Exploring the Americas' first great city-states
Each week, we spotlight a dream vacation recommended by some of the industry's top travel writers. This week's pick is Guatemala.
It's not easy to reach the most massive pyramid in the world, said Doug Hansen at The San Diego Union-Tribune. La Danta, an ancient stone structure covered in trees, sits a three-day hike from the nearest road in the middle of Central America's largest protected tropical forest. But the group I was touring Guatemala with had flown in by helicopter, and as I stood atop the 2,000-year-old pyramid, I learned from archaeologist Richard Hansen (no relation) that we were overlooking the ruins of a city, El Mirador, that had been part of the first state-level society in the Americas. Not long ago, Hansen's team discovered a network of 150 miles of elevated highway that once connected El Mirador to several other Mayan cities. Wandering the ruins with him, "I felt more like Indiana Jones than a tourist."

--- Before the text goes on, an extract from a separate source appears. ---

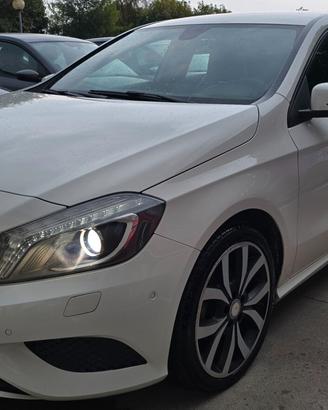 Mercedes-benz A 180 d Automatic Premium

Two "remarkable" guides were also on hand to explain the region's mysteries. Over the course of our 10-day "Lost Kingdoms" tour, we would also visit the less ancient ruins at Tikal and Copán — centers of a Mayan civilization that flourished from the third to ninth centuries, when its achievements in art, architecture, and science placed it among the most advanced cultures in the world. At Copán, which lies east of Guatemala in Honduras, I was awed by the temples, ball courts, and elaborate sculptures, and the museum there proved "a place not to be missed." Its centerpiece, a full-size replica of a Mayan temple, is painted in the same colors — red, yellow, green, and white — that we saw in the scarlet macaws that soared among the ruins.
We stayed in luxury hotels throughout the trip, but one of our most unforgettable experiences occurred during a detour to a small town on Lake Atitlán. At a local Catholic church, we had seen how religious statues incorporated some of the symbols of the ancient Maya. Now we watched as a team of shamans made offerings to an image of Maximón, a mustachioed Mayan deity whose likeness is not allowed in a church. The pre-Columbian past suddenly seemed not so distant.